A complex mixture of more than 6,000 molecular species makes up CS, with nicotine being the main pharmacologically active component. A thorough investigation into how nicotine affects bone fracture healing has not been conducted at all. Mesenchymal Stem Cells (MSC) osteogenic differentiation is negatively impacted by nicotine. On the other hand, nicotine positively influences MSC proliferation and differentiation in a dose-dependent manner at dosages lower than its blood concentration in smokers. After exposure to nicotine at concentrations similar to its serum levels in smokers, MSCs osteogenic differentiation remained unaffected. Nicotine has no impact on osteoclastogenesis either. There is therefore some proof that nicotine does not affect bone strength or homeostasis on its own. It is possible that other substances in CS have adverse effects on bone formation during fracture healing, as nicotine is unlikely to be the cause of the impaired fracture healing seen in smokers.

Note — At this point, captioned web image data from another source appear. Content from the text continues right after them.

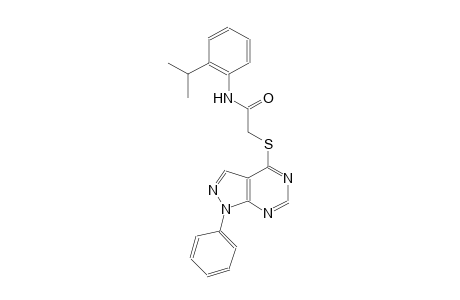 N-(2-isopropylphenyl)-2-[(1-phenyl-1H-pyrazolo[3,4-d]pyrimidin-4-yl)sulfanyl]acetamide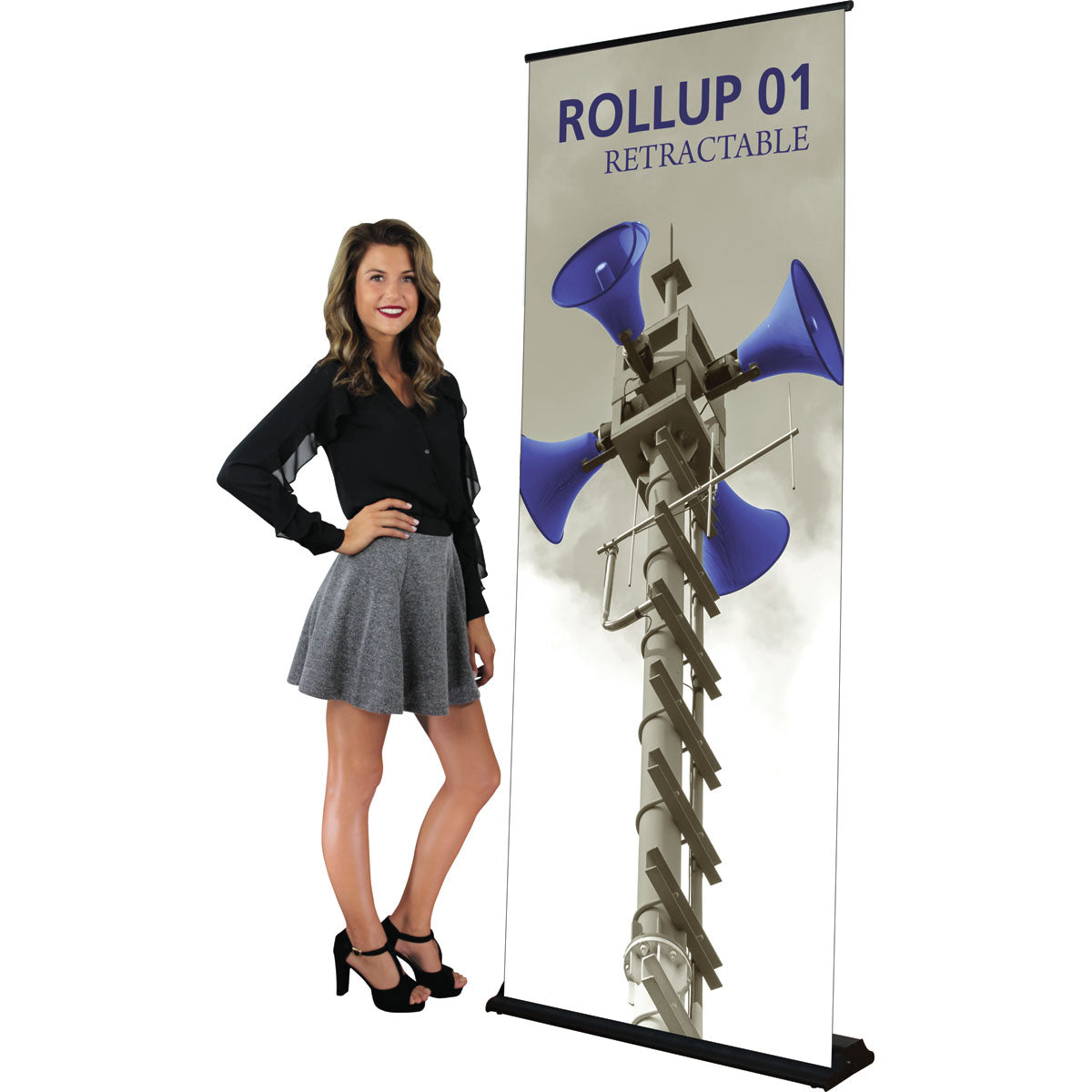 Rollup™ Retractable Banner Stand · 32⅞″ wide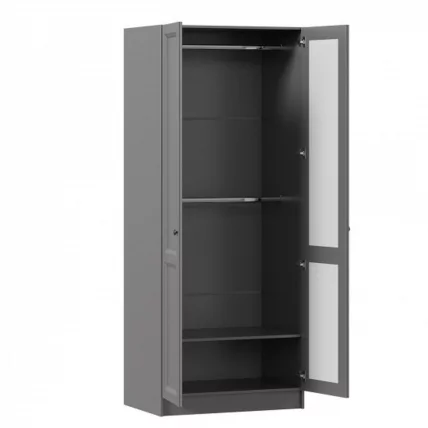 Шкаф двухстворчатый Амели ЛД 642.830.000 Оникс серый_1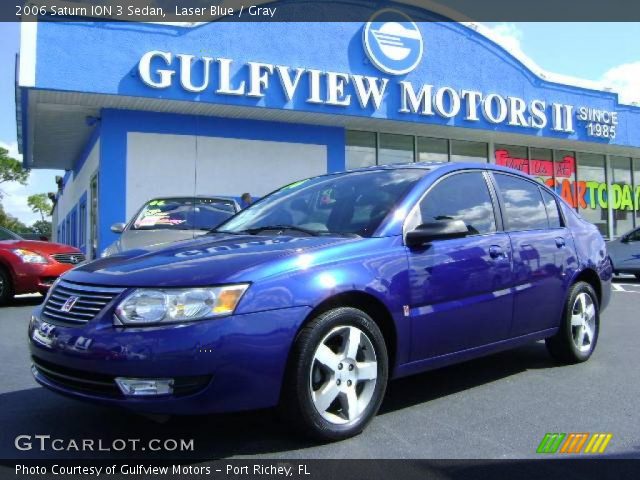 2006 Saturn ION 3 Sedan in Laser Blue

The best method to minimize the negative effects of CS on tobacco-related delayed fracture healing is to stop smoking cigarettes. Due to withdrawal symptoms and the abrupt end of their smoking routine when they stop, this may not be a choice for many smokers. The development of Reduced-Risk Products (RRP), such as heated tobacco products and electronic vapor products, has recently received more attention due to the limited success of Nicotine Replacement Therapies (NRT) like nicotine chewing gum, transdermal patches, and nasal sprays in supporting long-term smoking cessation. As they give nicotine while enabling the same ritual of use that is a part of the smoking experience, these RRPs have an advantage over NRTs. It has been demonstrated that while these RRP aerosols have similar nicotine concentrations to CS, they have fewer or less hazardous components overall. THS (a heated tobacco product) avoids tobacco combustion by only heating tobacco rolls up to 350 ºC, in contrast to cigarettes that burn tobacco up to 600 ºC. Chemical analysis, for instance, revealed that THS aerosol contains more than 75% water and 20% tar. In comparison to study cigarettes, which contain 35% water and 64% tar, this translates to a 3 fold decrease in tar levels. Also, when THS aerosol was compared to study cigarettes, 53 molecular species designated as hazardous and possibly harmful constituents by the U.S. Food and Drug Administration were reduced by more than 85%. Aqueous extract from THS is less harmful to primary human osteoblasts and MSCs than aqueous extract from a standard cigarette. THS's impact on osteoclast viability and functionality, as well as its capacity to control bone homeostasis, are unknown. Osteoclasts have drawn attention for their direct influence on osteoblast activity in addition to their involvement in bone resorption. Hence, it is crucial to investigate how THS affects the interaction between bone-forming and bone-resorbing cells, which is important for maintaining bone homeostasis.